Hi, we’ve been trying various driver versions (both RPM and .run) on our EL6/7 Dell R740xds with no success. I’ll paste a bunch of output below but ultimately it seems as if the driver’s half working. The card is detected, but there’s a lot of output that doesn’t make sense and X won’t load.
cat /proc/driver/nvidia/gpus/0000:3b:00.0/information
Model: Tesla P100-PCIE-12GB
IRQ: 324
GPU UUID: GPU-????????-????-????-????-????????????
Video BIOS: ??.??.??.??.??
Bus Type: PCIe
DMA Size: 47 bits
DMA Mask: 0x7fffffffffff
Bus Location: 0000:3b:00.0
Device Minor: 0
dmesg -T | grep -i -e nvidia -e nvrm
[Tue Dec 5 12:19:34 2017] nvidia: loading out-of-tree module taints kernel.
[Tue Dec 5 12:19:34 2017] nvidia: module license 'NVIDIA' taints kernel.

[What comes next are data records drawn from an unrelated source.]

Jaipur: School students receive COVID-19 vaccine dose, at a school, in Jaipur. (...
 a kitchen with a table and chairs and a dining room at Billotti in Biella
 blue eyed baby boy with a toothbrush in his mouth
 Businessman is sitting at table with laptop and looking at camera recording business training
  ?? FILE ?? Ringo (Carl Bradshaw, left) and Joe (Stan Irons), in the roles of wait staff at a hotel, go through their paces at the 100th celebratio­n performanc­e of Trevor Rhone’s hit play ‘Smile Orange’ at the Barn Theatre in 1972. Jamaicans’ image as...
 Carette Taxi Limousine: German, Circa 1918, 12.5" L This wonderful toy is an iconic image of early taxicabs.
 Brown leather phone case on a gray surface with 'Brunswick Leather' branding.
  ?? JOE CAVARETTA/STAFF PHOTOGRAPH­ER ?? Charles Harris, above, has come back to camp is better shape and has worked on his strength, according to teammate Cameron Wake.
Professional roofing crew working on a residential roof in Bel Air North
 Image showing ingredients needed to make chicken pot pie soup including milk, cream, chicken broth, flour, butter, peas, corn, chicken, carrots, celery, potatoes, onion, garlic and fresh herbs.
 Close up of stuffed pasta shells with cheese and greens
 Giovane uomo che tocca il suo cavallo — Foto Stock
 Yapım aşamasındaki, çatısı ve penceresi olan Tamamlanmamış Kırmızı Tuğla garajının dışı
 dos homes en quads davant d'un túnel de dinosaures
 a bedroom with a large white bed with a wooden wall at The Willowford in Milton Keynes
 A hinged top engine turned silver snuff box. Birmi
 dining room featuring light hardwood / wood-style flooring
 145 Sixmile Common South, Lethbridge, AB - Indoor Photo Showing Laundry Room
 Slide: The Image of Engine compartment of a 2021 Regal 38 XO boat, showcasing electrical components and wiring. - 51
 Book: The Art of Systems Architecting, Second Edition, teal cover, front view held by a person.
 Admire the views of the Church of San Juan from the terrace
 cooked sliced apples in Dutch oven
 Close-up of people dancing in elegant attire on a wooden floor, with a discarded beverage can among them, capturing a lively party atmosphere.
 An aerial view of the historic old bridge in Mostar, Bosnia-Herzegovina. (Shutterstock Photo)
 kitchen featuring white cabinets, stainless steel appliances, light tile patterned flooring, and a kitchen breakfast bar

[Tue Dec 5 12:19:34 2017] nvidia: module verification failed: signature and/or required key missing - tainting kernel
[Tue Dec 5 12:19:34 2017] nvidia-nvlink: Nvlink Core is being initialized, major device number 243
[Tue Dec 5 12:19:34 2017] NVRM: loading NVIDIA UNIX x86_64 Kernel Module 384.98 Thu Oct 26 15:16:01 PDT 2017 (using threaded interrupts)
[Tue Dec 5 12:19:34 2017] nvidia-modeset: Loading NVIDIA Kernel Mode Setting Driver for UNIX platforms 384.98 Thu Oct 26 14:41:13 PDT 2017
[Tue Dec 5 12:19:35 2017] [drm] [nvidia-drm] [GPU ID 0x00003b00] Loading driver
[Tue Dec 5 12:20:15 2017] nvidia-uvm: Loaded the UVM driver in 8 mode, major device number 238
[Tue Dec 5 12:20:15 2017] nvidia 0000:3b:00.0: irq 324 for MSI/MSI-X
From Xorg.0.log
[ 47.728] (II) NVIDIA dlloader X Driver 384.98 Thu Oct 26 14:06:45 PDT 2017
[ 47.728] (II) NVIDIA Unified Driver for all Supported NVIDIA GPUs
[ 47.728] (++) using VT number 1
[ 47.730] (EE) No devices detected.
[ 47.730] (EE)
Fatal server error:
[ 47.730] (EE) no screens found(EE)
[ 47.730] (EE)
I’ve tried 375, 381 and 384 drivers. I’ve also updated the R740xd to the latest BIOS available and run the NVIDIA Firmware Update Utility (v5.402.0) from Dell’s support site. I’ve tried using the version of the driver downloaded from both Dell’s support site and from NVIDIA’s site directly.
Since nvidia-smi was working I was wondering whether there was just something funky going on with the /proc output but with X still not being happy I’m not sure where to go next.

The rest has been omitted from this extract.